La obra que más líneas en común guarda con Todos quieren dominar el mundo es posiblemente El escarabajo de oro, de Alejo Moguillanski, donde se bebía de esa lucidez bien latinoamericana de asumir la obra como un work in progress en el que se juega todo el tiempo con la condescendencia neocolonialista europea en sus criterios de financiación. En la película del Garza nadie se salva: el MEC funciona como una especie de FBI silencioso y avasallante, los españoles tienen intereses económicos igualmente turbios, los argentinos cool -encarnados en este caso por Alfonso Tort- parecerían sólo poder relacionarse con Uruguay a través de una condescendencia atada a sus clichés (chivito, porro, asado), y los uruguayos en sí también somos un bajón.

En un momento la directora del MEC le dice al español: “¿Sabía usted que Uruguay es el país con mayor cantidad de artistas per cápita del mundo?”, y por más que parece una frase extraña, difícil de comprobar, guarda la potencia de ser algo que nos enaltece tanto como nos ridiculiza: un país con unas ganas tremendas de comunicar, pero en el que todos quieren destacarse tanto que nadie llega a ser espectador del todo. Es, en sí, un retrato tan ácido como cariñoso de nuestras vilezas, pero también de nuestro entusiasmo.

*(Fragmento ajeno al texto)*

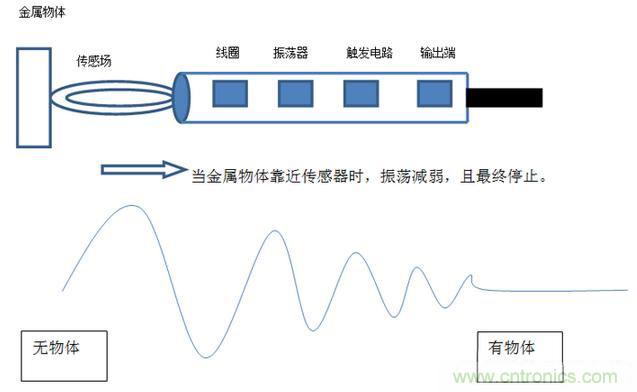 感应电容超声波，你都知道这些传感器多大区别吗？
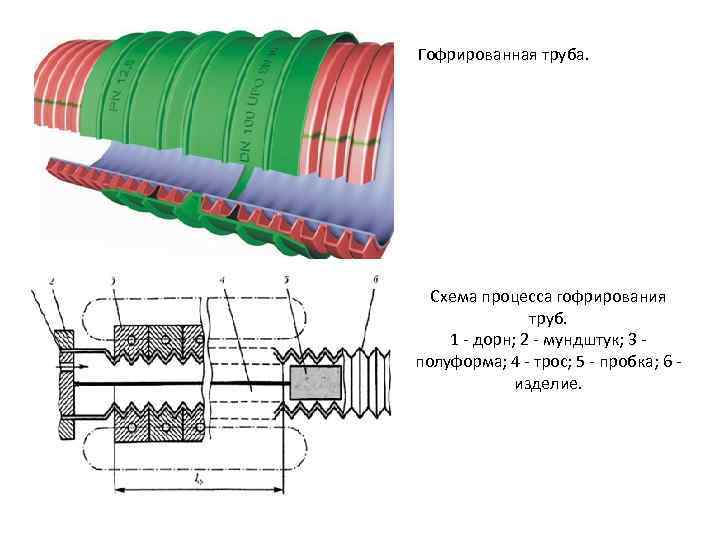 Гофрированная труба. Схема процесса гофрирования труб. 1 - дорн; 2 - мундштук; 3 -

Un efecto paralelo pero controvertido que se ve en casi todos los terrenos del arte local es que el entusiasmo no equivale a calidad. La gente que más fervorosamente defiende su arte y su espacio (aquellos más abnegados, que lo hacen sin plata de por medio, incluso a veces poniendo de su bolsillo) suelen ser jubilados que terminan exponiendo sus cuadros de caballos en un club de leones de la Costa de Oro, que mantienen un suplemento mensual de poesía en una revista tapizada por publicidades de pizzerías, o que montan alguna obra de Shakespeare para unas butacas en las que sólo están sus familiares. Recurrir a la mera burla hubiera colocado a Biniez en ese espacio de superioridad bastante cuestionable en el que incurre Néstor Frenkel en Los ganadores o Mariano Cohn y Gastón Duprat en El ciudadano ilustre.

Contra todos los pronósticos, es esta cosa áspera y por momentos fallida lo que hace que el retrato de los colectivos teatrales no caiga en la mera ridiculización. Así, Biniez y su troupe logran una obra en la que la impericia y la originalidad se juegan una pulseada, una obra graciosamente uruguaya, dolorosamente uruguaya, bizarramente uruguaya.

Todos quieren dominar el mundo. 98 minutos. En Cinemateca.